Extracted data entries
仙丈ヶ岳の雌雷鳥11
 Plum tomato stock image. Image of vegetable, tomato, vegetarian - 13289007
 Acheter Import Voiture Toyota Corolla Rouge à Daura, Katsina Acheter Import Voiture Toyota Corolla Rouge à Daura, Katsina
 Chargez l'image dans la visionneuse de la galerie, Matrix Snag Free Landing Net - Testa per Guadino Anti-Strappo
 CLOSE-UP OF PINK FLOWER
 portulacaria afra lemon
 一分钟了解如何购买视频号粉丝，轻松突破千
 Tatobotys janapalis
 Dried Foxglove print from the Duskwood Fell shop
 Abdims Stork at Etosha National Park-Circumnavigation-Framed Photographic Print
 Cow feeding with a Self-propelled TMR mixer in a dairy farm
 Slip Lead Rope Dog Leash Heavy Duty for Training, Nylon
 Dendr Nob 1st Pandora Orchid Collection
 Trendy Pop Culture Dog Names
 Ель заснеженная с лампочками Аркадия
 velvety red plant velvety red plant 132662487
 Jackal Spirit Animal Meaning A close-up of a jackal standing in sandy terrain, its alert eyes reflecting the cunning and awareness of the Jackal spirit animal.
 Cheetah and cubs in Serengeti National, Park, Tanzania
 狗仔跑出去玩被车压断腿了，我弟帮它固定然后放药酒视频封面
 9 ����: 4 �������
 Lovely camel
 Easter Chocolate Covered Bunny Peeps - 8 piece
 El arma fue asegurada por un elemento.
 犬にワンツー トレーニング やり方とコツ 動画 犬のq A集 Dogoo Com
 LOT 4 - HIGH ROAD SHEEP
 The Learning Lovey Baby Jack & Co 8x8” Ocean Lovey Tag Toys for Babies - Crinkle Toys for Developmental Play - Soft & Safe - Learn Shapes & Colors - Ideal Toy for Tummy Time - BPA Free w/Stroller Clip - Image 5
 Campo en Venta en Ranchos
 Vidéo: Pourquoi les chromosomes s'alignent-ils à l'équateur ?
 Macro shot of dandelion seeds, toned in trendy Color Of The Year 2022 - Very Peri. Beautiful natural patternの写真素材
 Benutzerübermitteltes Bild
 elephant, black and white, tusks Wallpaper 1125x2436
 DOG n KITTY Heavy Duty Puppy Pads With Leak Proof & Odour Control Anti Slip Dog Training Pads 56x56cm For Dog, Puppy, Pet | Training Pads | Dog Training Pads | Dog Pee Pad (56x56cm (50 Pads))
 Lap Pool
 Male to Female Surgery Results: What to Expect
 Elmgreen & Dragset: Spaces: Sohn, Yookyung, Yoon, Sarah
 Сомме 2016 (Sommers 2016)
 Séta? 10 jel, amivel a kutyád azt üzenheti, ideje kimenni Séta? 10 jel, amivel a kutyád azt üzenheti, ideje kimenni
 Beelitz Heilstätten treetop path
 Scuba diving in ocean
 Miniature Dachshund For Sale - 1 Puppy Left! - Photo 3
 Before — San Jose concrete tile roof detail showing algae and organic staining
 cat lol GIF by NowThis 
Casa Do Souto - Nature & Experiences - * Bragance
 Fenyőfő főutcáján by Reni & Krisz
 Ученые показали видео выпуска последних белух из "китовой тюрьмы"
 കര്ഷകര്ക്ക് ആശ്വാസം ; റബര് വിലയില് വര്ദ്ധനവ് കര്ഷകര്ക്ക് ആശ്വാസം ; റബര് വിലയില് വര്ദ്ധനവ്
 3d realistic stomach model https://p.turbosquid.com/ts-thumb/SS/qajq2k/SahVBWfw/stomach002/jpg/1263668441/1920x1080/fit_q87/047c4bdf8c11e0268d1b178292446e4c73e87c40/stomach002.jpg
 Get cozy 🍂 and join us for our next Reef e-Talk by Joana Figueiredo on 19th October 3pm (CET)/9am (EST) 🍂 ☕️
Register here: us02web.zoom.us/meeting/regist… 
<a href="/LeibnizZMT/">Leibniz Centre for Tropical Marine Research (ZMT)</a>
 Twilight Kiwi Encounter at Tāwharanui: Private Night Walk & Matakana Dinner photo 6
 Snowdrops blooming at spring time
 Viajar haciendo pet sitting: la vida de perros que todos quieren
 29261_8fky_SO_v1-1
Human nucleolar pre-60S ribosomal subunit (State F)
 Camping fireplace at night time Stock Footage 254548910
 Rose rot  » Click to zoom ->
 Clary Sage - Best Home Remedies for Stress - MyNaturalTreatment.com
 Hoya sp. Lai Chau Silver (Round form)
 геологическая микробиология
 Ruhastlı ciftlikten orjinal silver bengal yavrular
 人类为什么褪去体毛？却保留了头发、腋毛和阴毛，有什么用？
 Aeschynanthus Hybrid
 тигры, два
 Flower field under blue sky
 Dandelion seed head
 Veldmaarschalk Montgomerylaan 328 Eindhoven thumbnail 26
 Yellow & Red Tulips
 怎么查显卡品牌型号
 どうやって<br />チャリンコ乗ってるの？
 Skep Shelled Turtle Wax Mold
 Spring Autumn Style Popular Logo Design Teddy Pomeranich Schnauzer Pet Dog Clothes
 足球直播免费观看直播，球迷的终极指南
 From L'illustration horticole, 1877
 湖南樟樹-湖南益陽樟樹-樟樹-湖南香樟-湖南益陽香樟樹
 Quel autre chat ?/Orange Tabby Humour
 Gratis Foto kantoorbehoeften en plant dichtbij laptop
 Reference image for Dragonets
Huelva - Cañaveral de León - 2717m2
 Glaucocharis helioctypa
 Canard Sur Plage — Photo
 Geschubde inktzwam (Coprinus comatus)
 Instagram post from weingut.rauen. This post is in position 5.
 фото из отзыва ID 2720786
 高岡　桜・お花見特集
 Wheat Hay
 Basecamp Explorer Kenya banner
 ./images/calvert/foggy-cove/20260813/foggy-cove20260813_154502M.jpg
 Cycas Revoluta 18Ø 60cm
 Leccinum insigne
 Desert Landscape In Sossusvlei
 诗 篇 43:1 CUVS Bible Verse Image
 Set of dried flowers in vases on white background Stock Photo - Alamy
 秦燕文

### Exercise requirements
Look back at the entries above. Retype the line with "Macro shot of", the line with "Ученые показали видео", and all lines in between.

### Response to this exercise
 Macro shot of dandelion seeds, toned in trendy Color Of The Year 2022 - Very Peri. Beautiful natural patternの写真素材
 Benutzerübermitteltes Bild
 elephant, black and white, tusks Wallpaper 1125x2436
 DOG n KITTY Heavy Duty Puppy Pads With Leak Proof & Odour Control Anti Slip Dog Training Pads 56x56cm For Dog, Puppy, Pet | Training Pads | Dog Training Pads | Dog Pee Pad (56x56cm (50 Pads))
 Lap Pool
 Male to Female Surgery Results: What to Expect
 Elmgreen & Dragset: Spaces: Sohn, Yookyung, Yoon, Sarah
 Сомме 2016 (Sommers 2016)
 Séta? 10 jel, amivel a kutyád azt üzenheti, ideje kimenni Séta? 10 jel, amivel a kutyád azt üzenheti, ideje kimenni
 Beelitz Heilstätten treetop path
 Scuba diving in ocean
 Miniature Dachshund For Sale - 1 Puppy Left! - Photo 3
 Before — San Jose concrete tile roof detail showing algae and organic staining
 cat lol GIF by NowThis 
Casa Do Souto - Nature & Experiences - * Bragance
 Fenyőfő főutcáján by Reni & Krisz
 Ученые показали видео выпуска последних белух из "китовой тюрьмы"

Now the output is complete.